Re: web proper names

From: Hamish Harvey <david.harvey@bristol.ac.uk>
Date: Tue, 21 Sep 2004 17:37:02 +0100
To: "RDFInterest" <www-rdf-interest@w3.org>
Message-Id: <1095784622.1073.204837299@webmail.messagingengine.com>

On Tue, 21 Sep 2004 16:59:21 +0100, "Chris Purcell" <cjp39@cam.ac.uk>

> > It is here that the need for this distinction seems clearest. Witness:
> >
> > <http://www.paris.org/Monuments/Eiffel> ex:resultOfDereferencing
> > <http://www.paris.org/Monuments/Eiffel> .
> >
> > at which point meaning disappears up its own anus. It isn't clear that
> > there is anything in the world of the web that can be the result of
> > dereferencing itself.
> One could accuse you of excess pedantry here. ex:resultOfDereferencing 

My word. I'm shocked! You want excess pedantry? Pedantry is by
definition excessive!

Ahem. Sorry. Couldn't resist. I am, er, known for pedantry. 

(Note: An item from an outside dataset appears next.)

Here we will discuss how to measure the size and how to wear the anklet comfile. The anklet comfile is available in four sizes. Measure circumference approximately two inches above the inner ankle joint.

> as a predicate can mean "the subject is the result of shoving the URI 
> of the object through any known, applicable de-referencing mechanism". 
> This is quite clear, and will confuse neither generic RDF engine nor 
> any software which understands the predicate.
> Many existing RDF applications have the implicit assumption:
>      for all x that can be de-referenced, <x ex:resultOfDerefencing x> 
> holds

How is my software to know what any given x can be dereferenced, without
trying it? And if, upon trying it, my software finds that it can be
dereferenced, I still can't distinguish between the case where the
result is that which is indicated by the URI, and the case where the
result describes to a human reader what it is that is indicated by the

> and that this assumption violates the statement in the RDF Primer:
>      RDF uses URIrefs only to identify things, while browsers also use 
> URIrefs to retrieve things

It also violates the right of the URI coiner to decide what their URI
indicates, does it not?

> However, we don't need to conform to this requirement in the definition 
> of ex:resultOfDereferencing.

Why not (besides that the Primer is non-normative)?

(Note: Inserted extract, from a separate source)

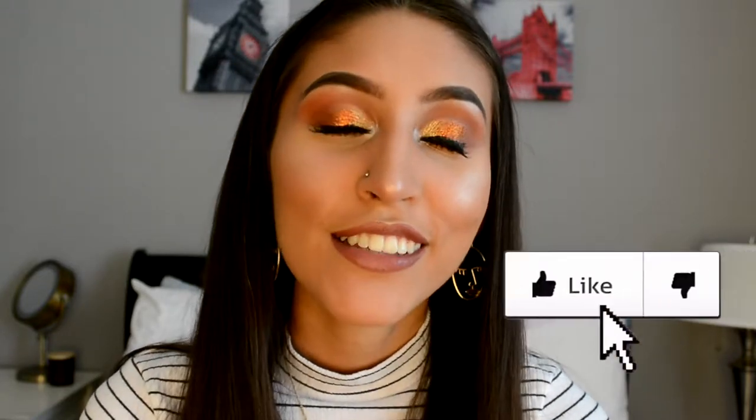Hey guys, this is Sabrina. Welcome back to my channel. If you're new, hi, I'm Sabrina and today I'm going to be doing this candy corn glitter eye look. Before we get started, make sure to subscribe, give this video a thumbs up, and if you want to know how to do this look, just keep watching.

One man's pedantry is another's clarity? In this case it seems to me
that the options are 

a) to create properties which instruct software to treat their object
URIs in a non-standard way (that is, to treat them as (URI qua retrieval
path)s), introducing special cases where the object URI indicates,
instead of what the URI indicates, the URI itself, or 

b) to use the already available mechanism for distinguishing (URI qua
symbol)s from (URI qua retrieval path)s: use typed literals for the

There's even the anyURI datatype there ready and waiting for case b.